Once you reach the line that contains "FACING WEST 5.5oz - CANDLE", retype it and every line after it exactly, ending with the last line of the entries.
[[ THE DATA open ]]
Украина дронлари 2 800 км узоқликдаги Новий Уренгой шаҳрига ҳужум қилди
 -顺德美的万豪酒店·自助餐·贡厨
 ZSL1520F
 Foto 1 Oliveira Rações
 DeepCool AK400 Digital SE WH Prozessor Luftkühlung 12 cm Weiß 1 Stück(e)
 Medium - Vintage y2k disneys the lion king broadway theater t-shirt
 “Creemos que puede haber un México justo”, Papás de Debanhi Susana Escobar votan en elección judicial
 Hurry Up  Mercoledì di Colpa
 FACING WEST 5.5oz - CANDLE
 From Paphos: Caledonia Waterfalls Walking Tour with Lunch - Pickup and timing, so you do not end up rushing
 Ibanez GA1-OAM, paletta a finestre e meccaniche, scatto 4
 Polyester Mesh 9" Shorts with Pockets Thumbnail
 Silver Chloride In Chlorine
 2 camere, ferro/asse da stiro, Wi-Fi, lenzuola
[[ THE DATA closed ]]
> **THE COMPLETED TASK**
 FACING WEST 5.5oz - CANDLE
 From Paphos: Caledonia Waterfalls Walking Tour with Lunch - Pickup and timing, so you do not end up rushing
 Ibanez GA1-OAM, paletta a finestre e meccaniche, scatto 4
 Polyester Mesh 9" Shorts with Pockets Thumbnail
 Silver Chloride In Chlorine
 2 camere, ferro/asse da stiro, Wi-Fi, lenzuola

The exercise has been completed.